Windows Vista provides new scripting objects that VBScript developers can use to programmatically access the functionalities that are available in Task Scheduler 2.0. Task Scheduler interfaces now are derived from IDispatch, providing full support for script development. Now, VBScript developers can use scripting to define a task just as C++ developers do.

You can use VBScript instead of C++ to define an event trigger and a message box action when an event occurs. Showing a message box when an event occurs enables you to alert the user with a specific message. You can specify the text in the message and the title of the message box. In both the title and message body, you can use parameterized strings that contain values from an event's XML. For example, if the task is triggered by an event that contains an element, x, you can set the value of the ValuesQuery property of the event trigger by specifying an XPath query to find x, and a name, y, for this value.

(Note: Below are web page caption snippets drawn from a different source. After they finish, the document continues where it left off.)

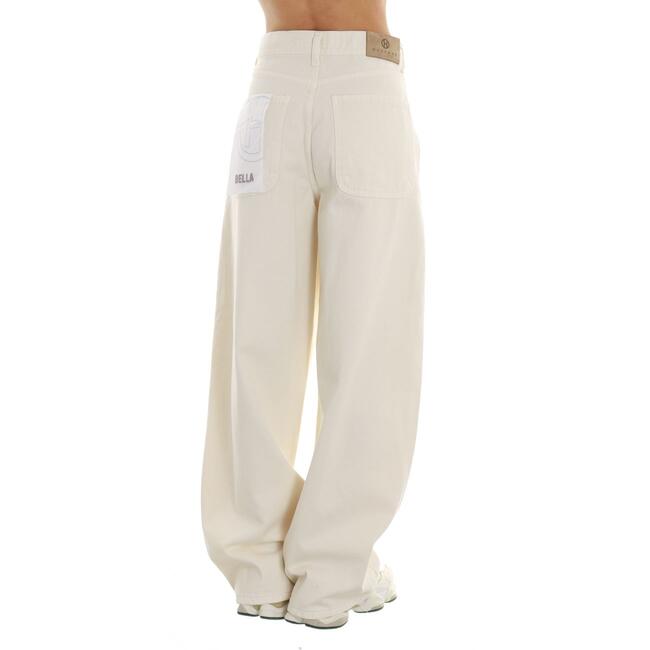 JEANS BELLA HAVEONE - Mad Fashion | img vers.650x/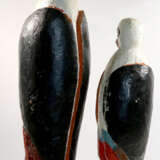 Marcisz, Stanislaw - Foto 2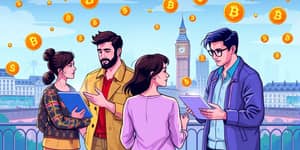 El Intercambio Cripto Perfecto: Cómo Elegirlo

The value of x can be included in the message box title or message by using $(y) in the title or message text.

When you create a task that shows a message box when an event occurs, the task must contain an event trigger that specifies an event query, where that event query subscribes to an event logged in an event log. When the event occurs, the task is triggered. The task also must contain a message box action that alerts the user with a specific message when that task is triggered. You also can define a start boundary time and an end boundary time for the task. Register the task using an interactive logon type for the security context of the task; that means the task will execute if the user who registered the task is logged on and an event is received. For detailed information, see "Message Box Example (Scripting)" in the MSDN Library at http://msdn.microsoft.com/library/.

For code examples that show a message box when an event occurs using C++ and XML Schema, see "Showing a Message Box When an Event Occurs" in the MSDN Library at http://msdn.microsoft.com/library/.

New Task Scheduler Schema

Task Scheduler now enables you to create and manage tasks through XML-formatted documents. Developers can use a Task Scheduler schema to define XML to register tasks with the Task Scheduler service. Software developers can create their own XML, validate it against this schema, and register tasks using the ITaskFolder::RegisterTask method.

You can use XML instead of C++ or VBScript to define an event trigger and a message box action when an event occurs. For more information about how to use XML to define a task that sends an e-mail when an event occurs, see "Event Trigger Example (XML)" in the MSDN Library at http://msdn.microsoft.com/library/. For an example of how to use XML to define a task that a message box when an event occurs, see "Message Box Example (XML)" in the MSDN Library at http://msdn.microsoft.com/library/.For detailed information about the new Task scheduler APIs, scripting objects and XML schema, see "Task Scheduler Reference" in the MSDN Library at in the MSDN Library at http://msdn.microsoft.com/library/.

Conclusion

The new Task Scheduler is a dependable, powerful addition in Windows Vista. Task Scheduler provides new APIs and scripting capabilities that give developers greater flexibility to develop for Task Scheduler. Task Scheduler 2.0 also provides greater flexibility in automating stand-alone, repeated, and sequential tasks. Task Scheduler 2.0 is designed to provide the flexibility administrators need to automate common desktop tasks more reliably and securely.